Originally Posted by redpepper
Today I felt profoundly lonely. I suppose that might be why I am posting. Sitting in that and wondering why. Trying to find the space in my heart that say I am not lonely I am having me time. I am not alone. I am loved and people aren't leaving just doing other things. Its hard to do when sometimes there is so much silence compared to before. Its good that there is. I chose that, but I misread it sometimes.
It's possible that your brain is telling you that you've started to pull away from people too much. Maybe it's time to reach out and re-connect for an hour with someone you've been pulling away from.

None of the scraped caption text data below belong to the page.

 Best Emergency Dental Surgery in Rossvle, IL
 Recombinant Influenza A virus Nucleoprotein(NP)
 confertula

It's easy to go from one extreme to the next until no matter what we do, it's not healthy. Me time is great, until it's not, then it's time to reach out to others. Just take it slow and make baby steps. It's easy to go from nothing but me time to being overwhelmed with socializing. Reach out, have some me time, then reach out again, etc.

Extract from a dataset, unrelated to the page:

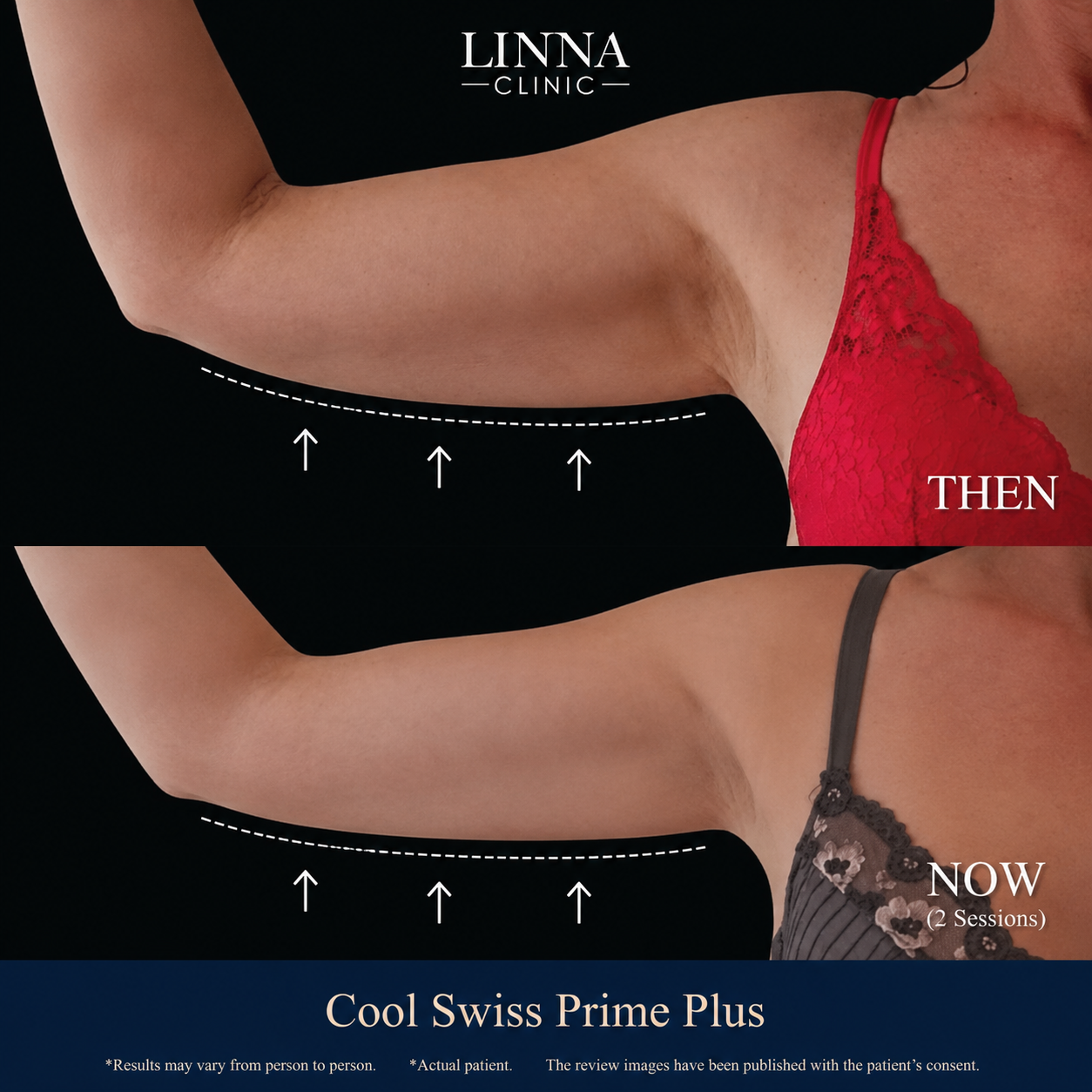 Cool Swiss Prime Plus results at LINNA Clinic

When I start feeling lonely, and then sorry for myself, I have to stop and think - Have I called anybody just to see how they were doing lately? Have I suggested a group of us meet for coffee lately? Usually the answer is NO. I've found excuse after excuse to isolate myself, including sitting alone at the kids ball game. Part of me says, you like to be alone and you like your me time, but... at some point, it's time for me to make the first step in reconnecting with certain people. I am going through this right now. After spending every weekend with certain people for 3 month straight, I pulled back for 2 months - now I'm missing everyone and need to make an effort to fix it.